■ How to complete this task
Using the listing below, set down exactly the lines from the one that contains "Casa à venda com 3 quartos, 207m² - Foto 24" through the one that contains "Atmosphera - Staande", with no pictures.

■ Data records

.....

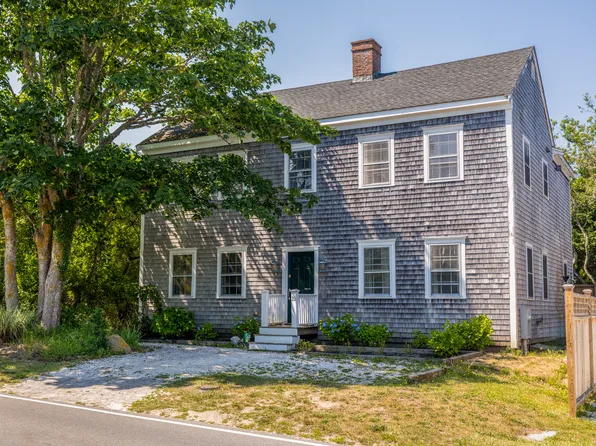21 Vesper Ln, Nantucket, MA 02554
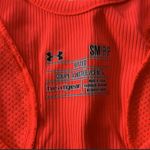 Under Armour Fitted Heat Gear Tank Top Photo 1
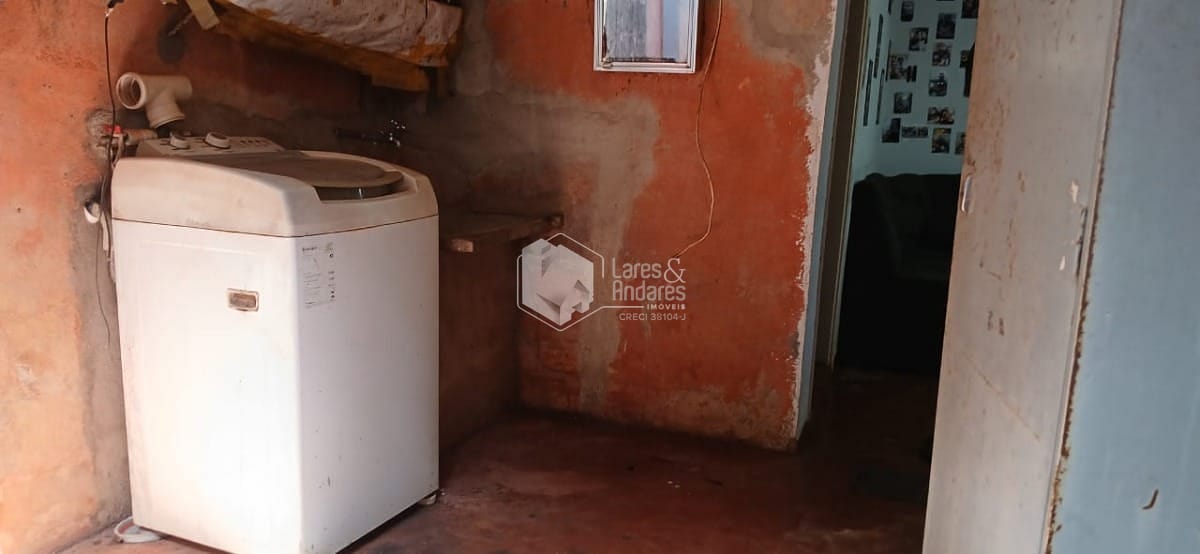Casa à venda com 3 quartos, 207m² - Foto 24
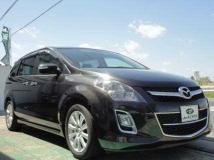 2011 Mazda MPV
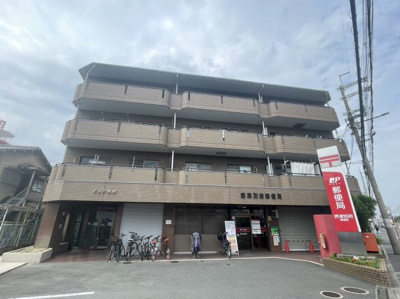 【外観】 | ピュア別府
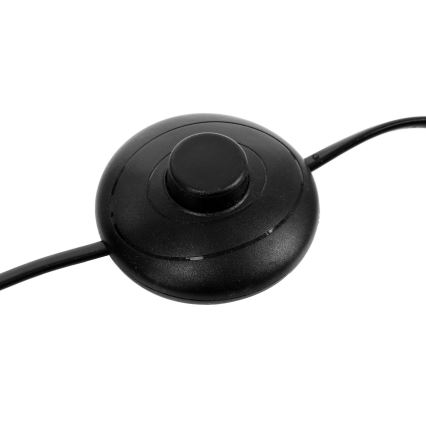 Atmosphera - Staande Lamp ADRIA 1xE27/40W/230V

.....

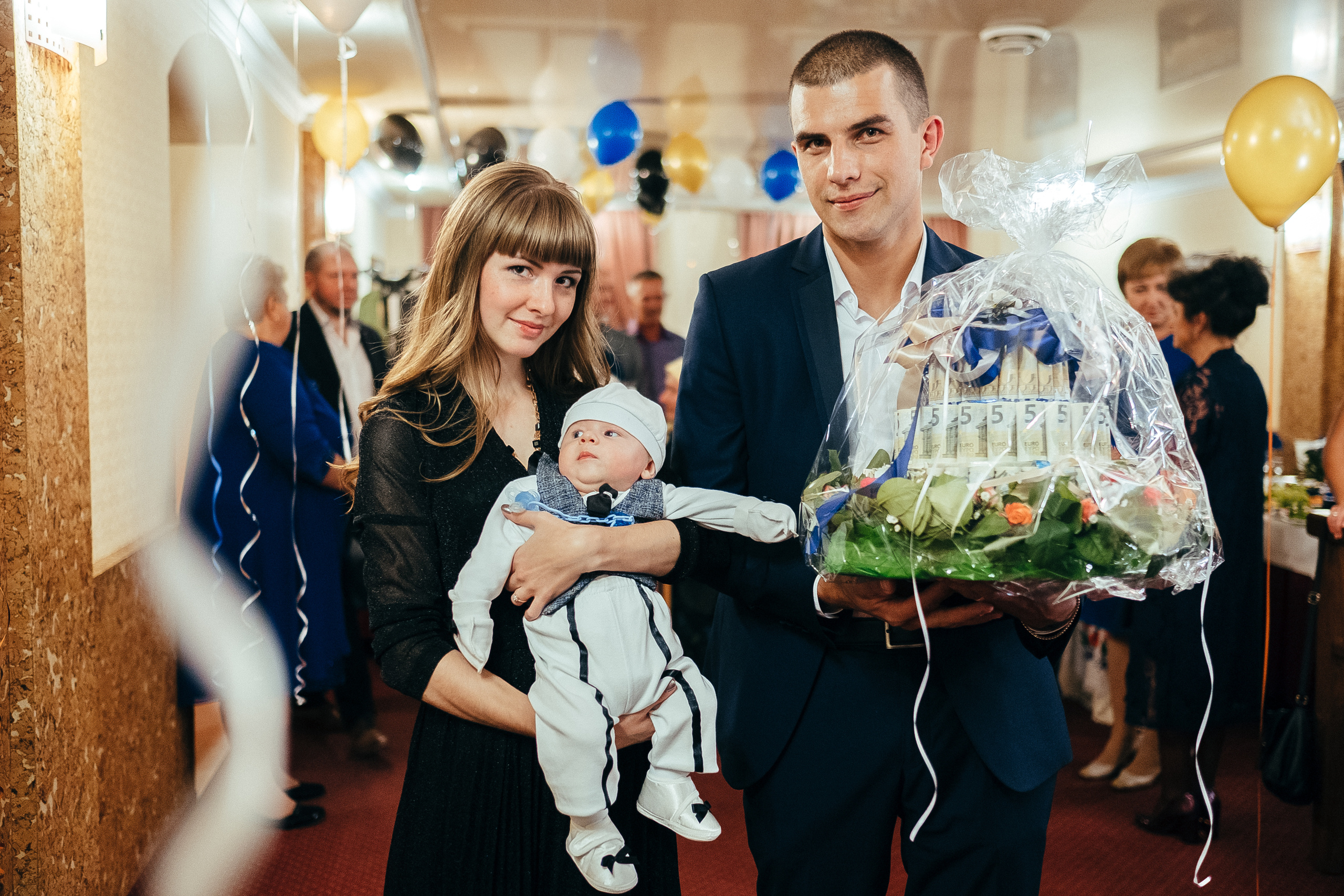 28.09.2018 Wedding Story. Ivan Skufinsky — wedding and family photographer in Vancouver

.....

■ Answer for this exercise
Casa à venda com 3 quartos, 207m² - Foto 24
 2011 Mazda MPV
 【外観】 | ピュア別府
 Atmosphera - Staande Lamp ADRIA 1xE27/40W/230V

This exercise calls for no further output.